In a textbook example of blooming where you are planted, Long Island mom Lisa Mladinich is quietly building a successful second career by sharing what she has learned about passing the Catholic faith on to future generations. It’s hard to avoid the suspicion that she must have been a child prodigy in her first career. Her follow-up to last year’s “Be an Amazing Catechist” will be of considerable help to anyone who has ever tried to stare down a roomful of fifth-graders, or get teenagers thinking of Confirmation as something other than a checkoff item on the wish lists of well-meaning but clueless parents.

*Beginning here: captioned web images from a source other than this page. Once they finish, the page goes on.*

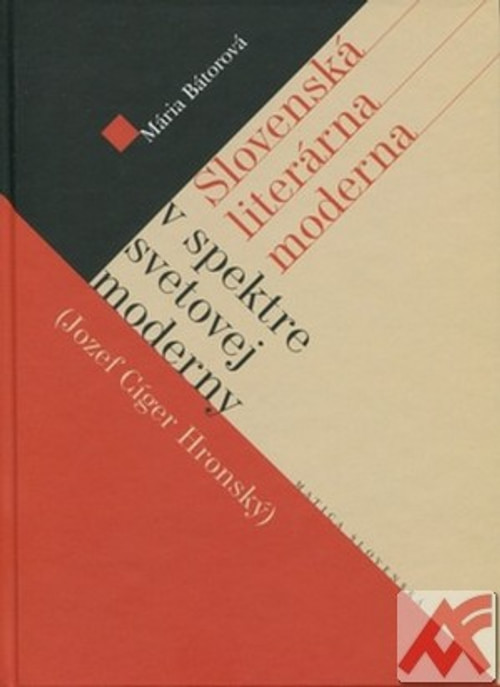 Slovenská literárna moderna v spektre svetovej moderny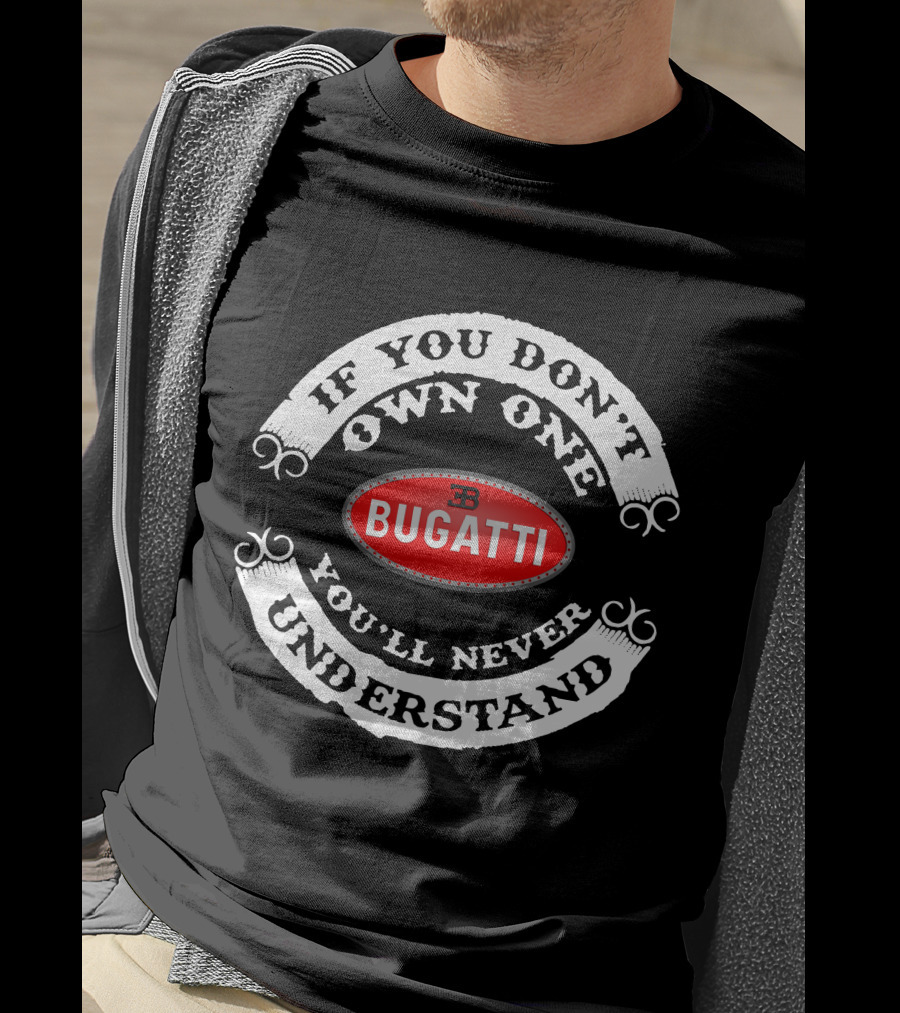 BUGATTI If You Don't Own One You'll Never Understand T-Shirt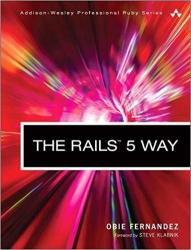 By Obie Fernandezand - The Rails 5 Way 4TH Edition Addison-wesley Professional Ruby Series Paperback Addison-wesley Professional 4 Edition November 24 2017 - Bargain Books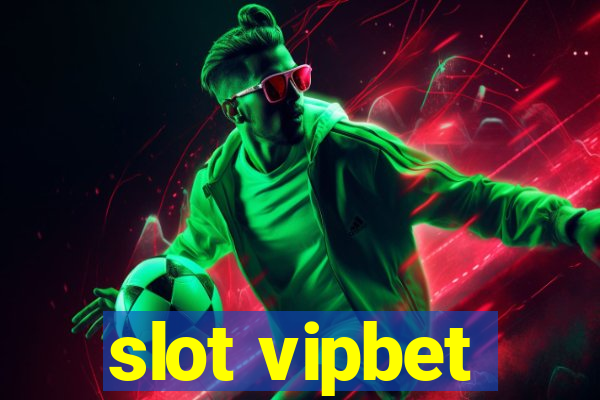 slot vipbet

The original entry in this series was a pep talk and field guide to amazing (in the sense of “memorable” and “effective”) catechesis. With that as context, this year’s booklet tackles sacramental preparation.
On first perusing the new work, I thought that Our Sunday Visitor had not done Mladinich any favors by marketing her material behind a title page besmirched by a Sixties-themed typeface that is equal parts purple haze and avocado green on a field of – wait for it — turquoise. An alternate cover swaps the avocado green for magenta. But after reading the booklet (Amazon.com calls it a “single-issue magazine”), I have decided that even if the production staff at Our Sunday Visitor is colorblind, they were right to reach for a hippie-themed title font, because Catholic Christianity is inherently countercultural by virtue of being supra-cultural. Mladinich understands that.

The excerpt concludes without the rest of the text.